= Simeriani =

Simeris/Simeriani (σήμερις or σημεριανή) is a popular song and dance from Sinasos, Cappadocia. The dance is a typical improvisation on many of the circular dances from the area. The dancers move towards the right of the circle and towards the center. The dance is done by women.

Lyrics to the song in Greek:

Σήμερις η σημεριανή δεν μοιάζει σαν τις άλλες
σήμερις η σημεριανή δεν μοιάζει σαν τις άλλες,

χορεύουν Σινασίτισσες κι έχουμ’ χαρές μεγάλες
χορεύουν Σινασίτισσες κι έχουμ’ χαρές μεγάλες.

Αγάπη μ’ έλα έλα και μην το λες κανένα,
αγάπη μ’ το όνομά σου γλυκό ‘ν’ το φίλημά σου.

Σήκωσ’ το σαρικάκι σου και μην το χαμηλώνεις
σήκωσ’ το σαρικάκι σου και μην το χαμηλώνεις,

το ξέρω πως με αγαπάς και δεν το φανερώνεις
το ξέρω πως με αγαπάς και δεν το φανερώνεις.

Αγάπη μ’ έλα έλα και μην το λες κανένα,
αγάπη μ’ το όνομά σου γλυκό ‘ν’ το φίλημά σου.

Στη Σινασό είν’ ‘να δεντρί που βγάζει τ’ ανασόνι
στη Σινασό είν’ ‘να δεντρί που βγάζει τ’ ανασόνι,

πολλές κοπέλες φίλησα καμιά δεν είπε σώνει
πολλές κοπέλες φίλησα καμιά δεν είπε σώνει.
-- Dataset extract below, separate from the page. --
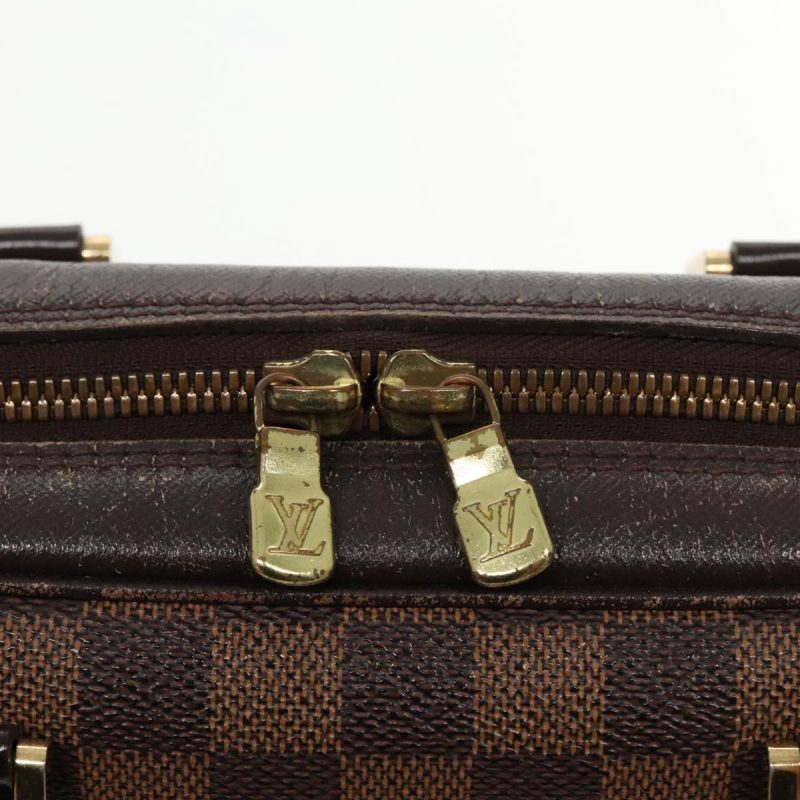 Louis Vuitton Damier Ebene Brera Hand Bag N51150  ar12594 - Image 10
Αγάπη μ’ έλα έλα και μην το λες κανένα,
αγάπη μ’ το όνομά σου γλυκό ‘ν’ το φίλημά σου.

Βάλε στο μαστραπά νερό και βάλτο στον αγέρα
βάλε στο μαστραπά νερό και βάλτο στον αγέρα,

κι αν δεν το πιούμ’ την Κυριακή το πίνουμ’ τη Δευτέρα
κι αν δεν το πιούμ’ την Κυριακή το πίνουμ’ τη Δευτέρα.

Αγάπη μ’ έλα έλα και μην το λες κανένα,
αγάπη μ’ το όνομά σου γλυκό ‘ν’ το φίλημά σου.